Now let $G$ denote the globe category whose unique object in degree $n\in \mathbb{N}$ is $n_G$, and let $\mathbf{n}$ denotes the linear $n$-level tree.

Then we have $\mathbf{n}_*\simeq G(-,n_G)$ is the standard $n$-globe. (Note that the previous diagram corresponds to the standard $3$ globe.)

###### Definition

Let $f:S_*\to T_*$ be a monomorphism.

$f$ is called to be cartesian if

$\array{ (S_*)_n&\stackrel{f_n}{\to}&(T_*)_n \\ \downarrow^s&&\downarrow^t \\ (S_*)_{n-1}&\stackrel{f_{n-1}}{\to}&(T_*)_{n-1} }$

is a pullback for all $n$.

###### Lemma

Let $S,T$ be level trees.

(1) Any map $S_*\to T_*$ is injective.

(2) The inclusions $S_*\hookrightarrow T_*$ correspond bijectively to cartesian subobjects of $T_*$.

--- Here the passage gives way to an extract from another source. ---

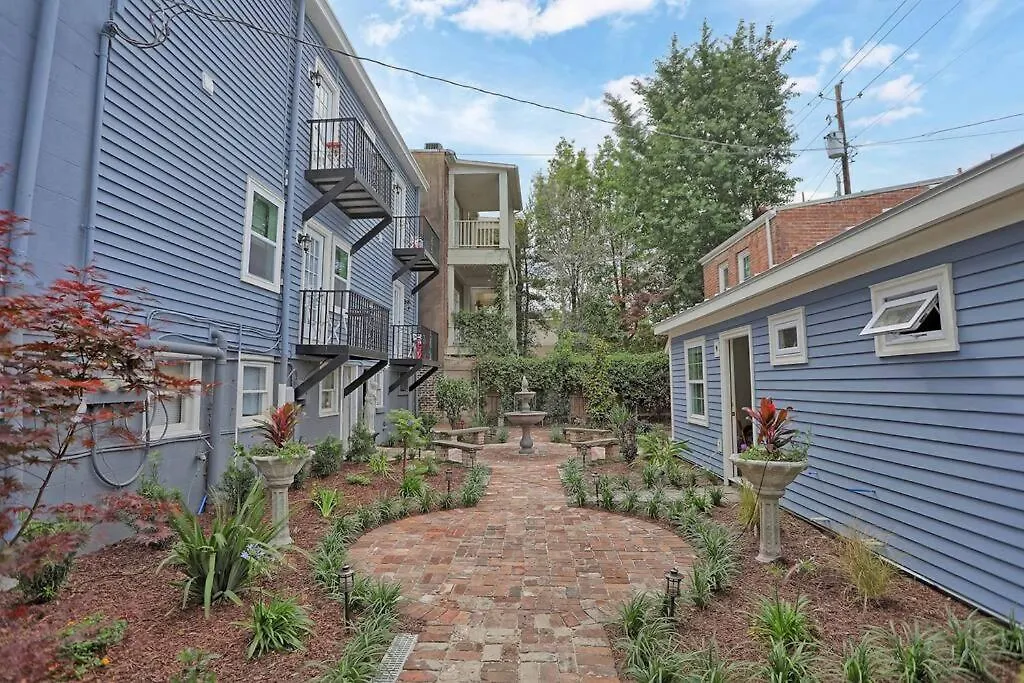 New2/2 Garden Apartment Historic Savannah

(3) The inclusions $S_*\hookrightarrow T_*$ correspond bijectively to plain subtrees of $T$ with a specific choice of $T$-sector for each input vertex of $S$. (…)

###### Definition

(1) The category $\Theta_0$ defined by having as objects the level trees and as morphisms the maps between the associated $\omega$-graphs. These morphisms are called immersions. This category shall be equipped with the structure of a site by defining the covering sieves by epimorphic families (of immersions). This site is called the globular site.

(2) A globular theory is defined to be a category $\Theta_A$ such that

$\Theta_0\hookrightarrow \Theta_A$

is an inclusion of a wide subcategory such that representable presheaves on $\Theta_A$ restrict to sheaves on $\Theta_0$.

(3) Presheaves on $\Theta_A$ which restrict to sheaves on $\Theta_0$ are called $\Theta_A$-models.

###### Lemma

The forgetful functor

$Sh (\Theta_0)\to \omega Graph:=Psh (G)$

is an equivalence of categories.

###### Proof

Let $X\in Psh(\Theta_0)$ and show that $X\in Sh(\Theta_0)$ iff $X(T)\simeq hom_{Psh(G)}(T_*,X)$ by writing $X$ as a colimit of representables.

###### Definition

There is a monad $(w,\eta,\mu)$ on $\omega Graph$ defined by

$w(X)_n:=\coprod_{T:ht(T)\le n}hom_{\omega Graph}(T_*,X)$

$\eta:id_{Psh(G)}\to w$ is induced by Yoneda: $X_n\mapsto hom_{\omega Graph}(n_*,X)$